Customized Treatment Plans

Ample support and a customized treatment plan will provide an individual with the highest potential for a successful, long-term recovery. There is a myriad of different therapeutic approaches that may be integrated into one’s personalized treatment plan. Depending on one’s needs, treatment plans could consist of one or more of the following examples: 

  • Cognitive behavioral therapy (CBT): this can help correct irrational, inaccurate, and/ or distorted thoughts as well as help an individual develop skills and healthy coping mechanisms for reducing anxiety and stress while remaining sober. 
  • Expressive arts therapy (e.g., play therapy, art therapy, music therapy, drama therapy, sand therapy, etc.): provides an alternative medium to express, process and integrate one’s thoughts and feelings surrounding the recovery process.
  • Eye movement desensitization and reprocessing therapy (EMDR): utilizes guided eye movement techniques to help process one’s memories, thoughts, and emotional associations in relation to abusing drugs and/ or alcohol.
  • Dialectical behavior therapy (DBT): is based on the principals of CBT, but places greater emphasis on the psychosocial aspects of treatment. Through DBT individuals can learn healthy coping mechanisms and useful techniques for managing stress, regulating emotions, and improving relationships with others. 
  • Rational emotive behavior therapy (REBT): the core of REBT is the notion that rational thinking comes from within, and that positive and negative feelings do not manifest because of external stimuli, but rather are derived from one’s internal thoughts. REBT helps to teach individuals how to understand their own thoughts and subsequently develop rational thinking habits that promote positivity. 
  • Interpersonal therapy (IPT): focuses on how a person’s communications and interactions with other people affect his or her own mental health. Through interpersonal therapy an individual will learn to resolve and adjust unhealthy interpersonal problems, resulting in a symptomatic recovery.

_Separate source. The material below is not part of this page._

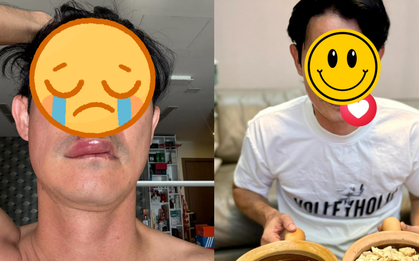 Sao nam Vbiz hoảng hốt vì bị biến dạng mặt: Hé lộ tình trạng nghiêm trọng hiện tại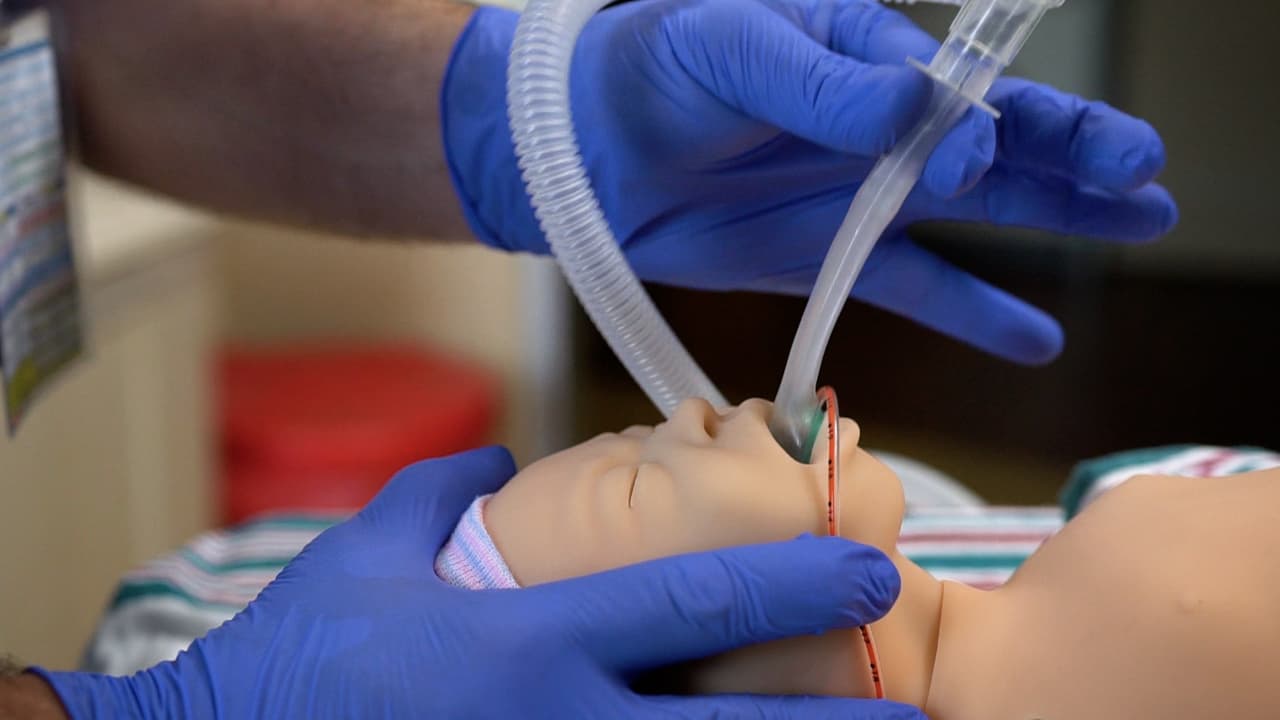 Laryngeal Mask Airway LMA Placement in a Neonatal Patient Simulator Using a Non-Inflatable Supraglottic Airway SGA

Treatment plans may also include refining one’s daily habits (e.g., practicing mindfulness techniques, exercising regularly, developing healthy sleeping habits, eating nutritiously, etc.) to further improve one’s overall health and wellbeing. It is important to note that there is no universal treatment method that proves successful for every person struggling with substance abuse and/ or addiction, as everyone has nuanced needs when it comes to the recovery process. 

The information above is provided for the use of informational purposes only. The above content is not to be substituted for professional advice, diagnosis, or treatment, as in no way is it intended as an attempt to practice medicine, give specific medical advice, including, without limitation, advice concerning the topic of mental health. As such, please do not use any material provided above to disregard professional advice or delay seeking treatment.